I began to get more and more busy, which eventually led to burnout and fatigue. I tried filling my time with more projects, more meetings, and more things to do in order to avoid feeling lonely or jealous...in order to 'prove' my value and worth to my superiors. (With self-love, I can simplify and prioritize my life better. I can say 'no' and be more discerning. I have an abundance of time and energy).
I found myself in a job I hated but somehow couldn’t leave. I dreaded going to work and would get in weekly fantasy arguments with my coworkers. I lost my passion and the desire to initiate ideas. (With self-love, I can insist on being respected and heard. I expect that my time and talent is valued. I actually looked forward to going to work).
All of this led to increased self-criticism. When I couldn’t keep my criticism focused inward any longer, I found it turned into criticism and judgment of others. I started seeing negativity everywhere and found it difficult to keep a positive outlook on anything. This is where it really got bad…
I stopped feeling joy. It became harder and harder to find time for self-care and being physically active. And, I got wrinkles. Yes. A lack of self-love gave me wrinkles – the ones between my eyebrows because I was frowning so much. I would get enraged when people started telling me to smile. Then there were the tension headaches that came along with clenching my jaw...not to mention the decline of my sex-life. This distracted me from being the most productive and I slowly slipped into depression. (With self-love, I smile more, let go of self-criticism, and delight in a lifestyle filled with celebration. I take pleasure in what I do).

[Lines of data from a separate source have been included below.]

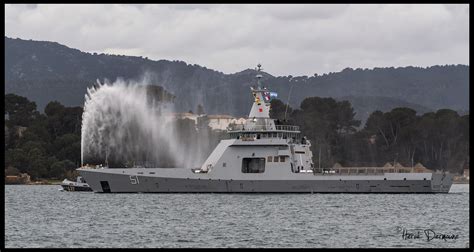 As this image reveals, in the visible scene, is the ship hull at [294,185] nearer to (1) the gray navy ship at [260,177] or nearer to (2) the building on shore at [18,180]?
(1) the gray navy ship at [260,177]

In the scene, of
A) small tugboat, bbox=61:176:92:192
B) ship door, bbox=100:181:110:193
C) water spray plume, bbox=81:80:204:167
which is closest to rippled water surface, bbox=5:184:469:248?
ship door, bbox=100:181:110:193

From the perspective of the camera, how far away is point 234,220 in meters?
51.9

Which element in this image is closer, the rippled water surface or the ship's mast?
the rippled water surface

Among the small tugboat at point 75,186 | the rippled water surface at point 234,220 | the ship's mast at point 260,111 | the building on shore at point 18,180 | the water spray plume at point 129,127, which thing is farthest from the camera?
the building on shore at point 18,180

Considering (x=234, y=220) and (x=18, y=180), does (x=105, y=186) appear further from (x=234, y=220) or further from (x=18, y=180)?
(x=18, y=180)

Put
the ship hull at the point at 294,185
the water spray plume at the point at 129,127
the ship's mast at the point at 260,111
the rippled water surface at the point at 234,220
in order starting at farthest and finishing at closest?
the water spray plume at the point at 129,127 < the ship's mast at the point at 260,111 < the ship hull at the point at 294,185 < the rippled water surface at the point at 234,220

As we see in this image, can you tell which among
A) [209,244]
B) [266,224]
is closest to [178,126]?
[266,224]

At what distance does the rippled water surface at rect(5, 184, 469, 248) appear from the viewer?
1655 inches

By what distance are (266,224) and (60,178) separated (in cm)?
7340

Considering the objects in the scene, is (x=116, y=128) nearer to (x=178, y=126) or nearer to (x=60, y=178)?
(x=178, y=126)

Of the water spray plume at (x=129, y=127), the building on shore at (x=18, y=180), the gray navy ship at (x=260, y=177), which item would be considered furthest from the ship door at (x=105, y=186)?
the building on shore at (x=18, y=180)

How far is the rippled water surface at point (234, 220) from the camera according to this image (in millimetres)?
42031

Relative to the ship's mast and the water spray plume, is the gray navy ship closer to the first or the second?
the ship's mast

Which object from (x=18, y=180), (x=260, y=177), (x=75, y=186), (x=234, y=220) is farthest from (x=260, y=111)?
(x=18, y=180)
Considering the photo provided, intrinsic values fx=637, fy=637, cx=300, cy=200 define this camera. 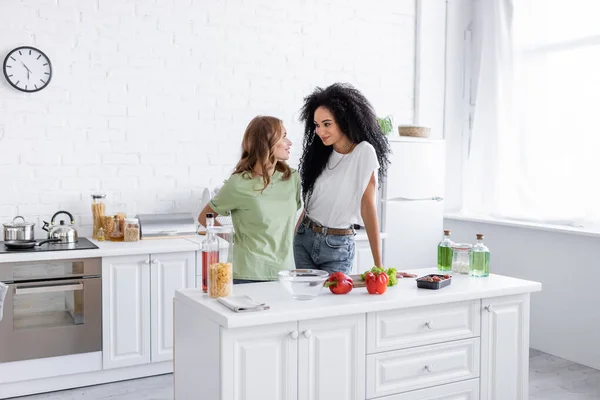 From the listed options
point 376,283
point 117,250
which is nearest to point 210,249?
point 376,283

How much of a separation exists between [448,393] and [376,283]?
1.96 feet

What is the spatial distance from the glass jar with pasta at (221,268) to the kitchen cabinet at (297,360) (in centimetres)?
26

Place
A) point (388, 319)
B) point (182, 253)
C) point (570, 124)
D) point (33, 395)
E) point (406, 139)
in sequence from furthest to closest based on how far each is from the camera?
point (406, 139) → point (570, 124) → point (182, 253) → point (33, 395) → point (388, 319)

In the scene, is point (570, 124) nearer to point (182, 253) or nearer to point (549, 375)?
point (549, 375)

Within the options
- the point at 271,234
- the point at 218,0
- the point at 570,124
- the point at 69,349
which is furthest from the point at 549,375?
the point at 218,0

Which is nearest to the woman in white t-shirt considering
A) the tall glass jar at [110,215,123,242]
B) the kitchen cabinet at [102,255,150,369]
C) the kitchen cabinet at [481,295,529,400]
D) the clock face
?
the kitchen cabinet at [481,295,529,400]

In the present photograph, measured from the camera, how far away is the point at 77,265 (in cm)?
379

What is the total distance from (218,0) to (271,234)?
264cm

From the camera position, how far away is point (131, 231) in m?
4.17

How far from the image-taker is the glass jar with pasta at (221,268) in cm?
241

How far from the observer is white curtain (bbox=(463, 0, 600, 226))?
4.64m

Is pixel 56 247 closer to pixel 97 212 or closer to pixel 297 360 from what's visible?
pixel 97 212

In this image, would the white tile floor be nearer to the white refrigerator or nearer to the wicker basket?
the white refrigerator

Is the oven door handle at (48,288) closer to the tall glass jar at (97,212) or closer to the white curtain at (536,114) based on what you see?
the tall glass jar at (97,212) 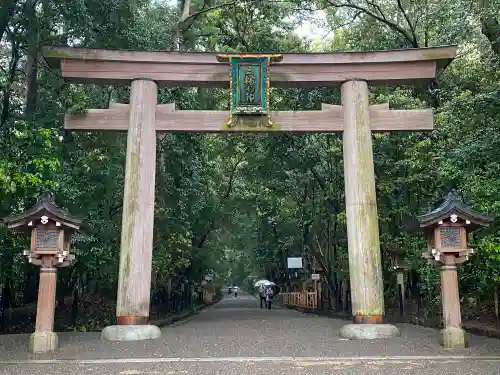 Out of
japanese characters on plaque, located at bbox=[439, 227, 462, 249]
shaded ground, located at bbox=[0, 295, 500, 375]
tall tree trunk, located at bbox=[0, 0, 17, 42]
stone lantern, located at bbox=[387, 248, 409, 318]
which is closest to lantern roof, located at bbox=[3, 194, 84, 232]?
shaded ground, located at bbox=[0, 295, 500, 375]

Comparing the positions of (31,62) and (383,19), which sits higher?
(383,19)

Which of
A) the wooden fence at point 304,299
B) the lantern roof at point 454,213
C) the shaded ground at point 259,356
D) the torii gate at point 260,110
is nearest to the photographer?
the shaded ground at point 259,356

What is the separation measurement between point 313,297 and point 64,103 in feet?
57.6

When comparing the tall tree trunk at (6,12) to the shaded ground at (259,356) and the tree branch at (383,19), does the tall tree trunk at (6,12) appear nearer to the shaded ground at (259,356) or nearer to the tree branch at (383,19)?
the shaded ground at (259,356)

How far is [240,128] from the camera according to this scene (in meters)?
11.1

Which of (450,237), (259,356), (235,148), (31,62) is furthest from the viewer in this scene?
(235,148)

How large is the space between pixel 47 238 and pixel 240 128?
4719 mm

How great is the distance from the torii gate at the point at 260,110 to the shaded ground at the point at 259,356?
1.80 metres

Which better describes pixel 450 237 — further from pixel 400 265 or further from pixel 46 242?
pixel 46 242

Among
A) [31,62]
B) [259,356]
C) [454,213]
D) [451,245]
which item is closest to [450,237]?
[451,245]

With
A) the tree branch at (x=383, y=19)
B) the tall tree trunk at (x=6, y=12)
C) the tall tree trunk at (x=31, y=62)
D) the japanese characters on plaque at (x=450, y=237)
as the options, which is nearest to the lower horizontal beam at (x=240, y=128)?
the japanese characters on plaque at (x=450, y=237)

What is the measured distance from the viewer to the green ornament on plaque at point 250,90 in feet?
36.2

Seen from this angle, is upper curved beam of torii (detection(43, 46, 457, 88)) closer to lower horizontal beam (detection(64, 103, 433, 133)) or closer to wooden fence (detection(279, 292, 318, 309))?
lower horizontal beam (detection(64, 103, 433, 133))

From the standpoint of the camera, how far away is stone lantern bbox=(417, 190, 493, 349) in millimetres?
8661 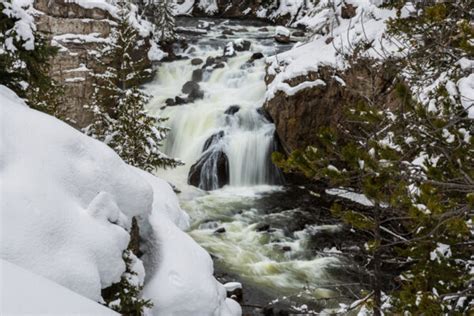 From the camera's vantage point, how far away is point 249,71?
23828mm

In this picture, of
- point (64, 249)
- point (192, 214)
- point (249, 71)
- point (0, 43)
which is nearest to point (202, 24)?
point (249, 71)

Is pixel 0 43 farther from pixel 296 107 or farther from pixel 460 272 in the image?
pixel 296 107

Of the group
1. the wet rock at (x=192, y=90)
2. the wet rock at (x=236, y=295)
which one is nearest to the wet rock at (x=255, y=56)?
the wet rock at (x=192, y=90)

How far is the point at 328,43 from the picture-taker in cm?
1970

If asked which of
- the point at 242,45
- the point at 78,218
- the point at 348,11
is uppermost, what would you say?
the point at 348,11

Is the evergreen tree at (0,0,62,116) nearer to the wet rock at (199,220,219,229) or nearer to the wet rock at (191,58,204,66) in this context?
the wet rock at (199,220,219,229)

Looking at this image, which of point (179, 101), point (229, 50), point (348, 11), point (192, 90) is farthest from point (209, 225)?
point (229, 50)

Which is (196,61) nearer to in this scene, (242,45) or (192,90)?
(242,45)

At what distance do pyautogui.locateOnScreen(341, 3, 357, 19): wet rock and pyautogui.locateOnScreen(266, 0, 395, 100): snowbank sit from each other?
231 millimetres

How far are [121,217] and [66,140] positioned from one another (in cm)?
119

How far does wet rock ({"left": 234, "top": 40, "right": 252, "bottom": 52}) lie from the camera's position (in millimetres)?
26836

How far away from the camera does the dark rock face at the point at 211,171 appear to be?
1892cm

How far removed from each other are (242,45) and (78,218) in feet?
78.3

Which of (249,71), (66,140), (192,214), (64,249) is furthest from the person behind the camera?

I became less creative, less patient, and less able to empathize with others.
I became less decisive, because I didn’t know and couldn’t express what I want.
(With self-love, I'm bursting with innovation, clear about what I want, and take less sick time. I also use my vacation days - because I deserve them).
I was not able to express my appreciation to the people I worked with.
Days would fly by and I couldn’t tell you what I had done with them. Self-doubt became a regular roommate, as did self-sacrifice (because if I wasn’t good enough to love myself, then I might as well give myself away).
Without self-love, I was barely treading water.
The crazy thing is...
I THOUGHT THAT WAS NORMAL?!
With self-love, I realized how good I could actually feel.
Self-love is about treating yourself with the utmost (and nonnegotiable) care, love and dignity.
If I wanted to be treated as a valuable, equal member of a boardroom I must insist on that respect from myself first.
Self-love is for the boardroom if you’re tired of feeling like a mediocre team member.
Self-love is for the boardroom if you are ready to feel heard, influential, and 'good enough.'
Self-love is for the boardroom if you want unshakable confidence.
Self-love is for the boardroom if you are ready to renounce your loyalty to burnout, sacrifice, and self-criticism.
Self-love is for the boardroom because you deserve it and because other women are looking up to you as a role model.